The accuracy of the performance counter statisitics

The accuracy of the performance counter statisitics

Hi ,

I am trying to play with the Intel performance counter monitor tool. I reuse some of its code and write a kernel module to read performance counter data. I basically follows the procedures in PCM::program() to set up the on core counters, and then use rdmsr wrmsr to read/write performance counters. I found that the data collected are not accurate when time between two read are small. For example, here are my procedures:

/* routines to start the counter of # of branch instructions, mimic PCM:program() code*/

/* routines to read the counter, using rdmsr and wrmsr*/

for ( i =0; i < 1000; ++i) arr[i] = 1;

/* routines to read the counter again, using rdmsr and wrmsr*/

The number of branch instructions should be 1000, but the reading constantly shows about ~6500 (after - before). I am aware of that rdmsr has certain latency, probably 100+ cycles. But extra 5500-branch-instruction seems too large for 100+ cycles. I am not sure if this is because of my set up, or performance counters should not be used in this way?
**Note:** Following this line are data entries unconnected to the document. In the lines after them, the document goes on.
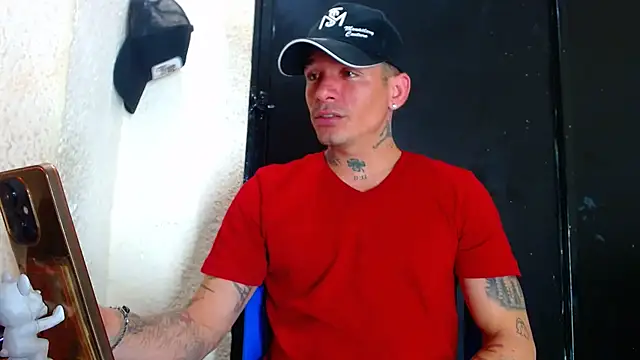 Snapshot of sebas_bigcock69 chatting on 03-22-25, 04:03 sebas bigcock69 online show from 03-22-25, 04:03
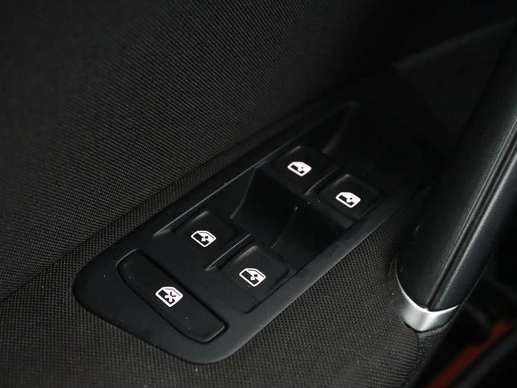 Volkswagen Golf - Afbeelding 14 van 30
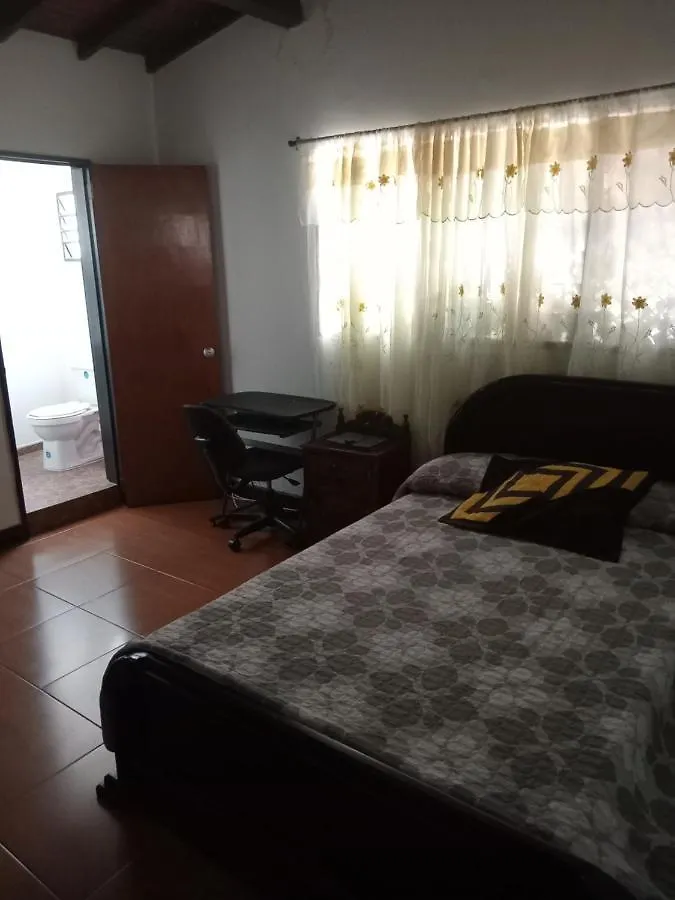 شقة ميديلين  في Casa Familiar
Can someone give me some suggestions?  Thanks.

27 posts / 0 new
Last post
For more complete information about compiler optimizations, see our Optimization Notice.

Hello Xin,

You are running into the overhead of calling the driver. Your user mode (ring 3) code has to do a call to the driver, which calls the kernel (switching from ring 3 to ring 0), does the rdmsr/wrmsr instruction, and returns. And there are probably multiple calls to the driver per call to PCM.

If you truly want to read the MSR with the minimum overhead, you can use the rdpmc instruction but this is not easy. usually rdpmc is not enabled to be read from ring3. There is a bit in CR4 that has to be set. It is the PCE bit. On linux there is a driver that enables rdpmc (https://github.com/andikleen/simple-pmu). It works on older versions of Linux. I don't know of a windows driver that enables rdpmc. Even if you enable rdpmc from ring3, you will only be able to read the core PMU counters (3 fixed & 3-8 variable core counters). You will still have to make a trip into ring 0 to do wrmsr or to rdmsr any other msr besides the core PMC counters.

I've used Andi's driver to do very low overhead measurements before. But it is not for the faint of heart.

Hope this helps,

Pat

Hi Patrick,

Thank you for you quick response. I actually reuse only the code of PCM::program() and put them in a kernel module, but not the code for accessing msr. When read/write msr, I use assembly code like this 

asm volatile ("\trdmsr\n" : "=a" (lo), "=d" (hi) : "c" (msr))

to directly access msr in the kernel module. This does not involve ring transitions.

Using rdpmc should be one solution to reduce the overhead. Based on your experience, what is the granularity that rdpmc/rdmsr can achieve? Can they measure 1000 or even 100 instructions/cycles accurately?

Thank you

Quote:

Patrick Fay (Intel) wrote:

Hello Xin,

You are running into the overhead of calling the driver. Your user mode (ring 3) code has to do a call to the driver, which calls the kernel (switching from ring 3 to ring 0), does the rdmsr/wrmsr instruction, and returns. And there are probably multiple calls to the driver per call to PCM.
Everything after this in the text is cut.